▶ **Work required**
Hunt for the word "para" across the entries below, copying each line that holds it.

▶ **Data**
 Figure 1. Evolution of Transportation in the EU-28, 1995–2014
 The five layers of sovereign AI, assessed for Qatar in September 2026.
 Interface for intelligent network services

...

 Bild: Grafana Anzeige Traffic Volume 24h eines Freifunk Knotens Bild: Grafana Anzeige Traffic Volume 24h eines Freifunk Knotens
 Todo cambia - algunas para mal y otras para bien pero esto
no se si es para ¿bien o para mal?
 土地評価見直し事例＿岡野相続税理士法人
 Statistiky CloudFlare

▶ **Task response**
 Todo cambia - algunas para mal y otras para bien pero esto
no se si es para ¿bien o para mal?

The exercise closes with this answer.